(TASK OBJECTIVE): Give back all the data exactly, line by line.
──────── INFORMATION SUPPLIED ────────
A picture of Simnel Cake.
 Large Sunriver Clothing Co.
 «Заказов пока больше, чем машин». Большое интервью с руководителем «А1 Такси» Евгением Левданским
────────
(OUTPUT):
A picture of Simnel Cake.
 Large Sunriver Clothing Co.
 «Заказов пока больше, чем машин». Большое интервью с руководителем «А1 Такси» Евгением Левданским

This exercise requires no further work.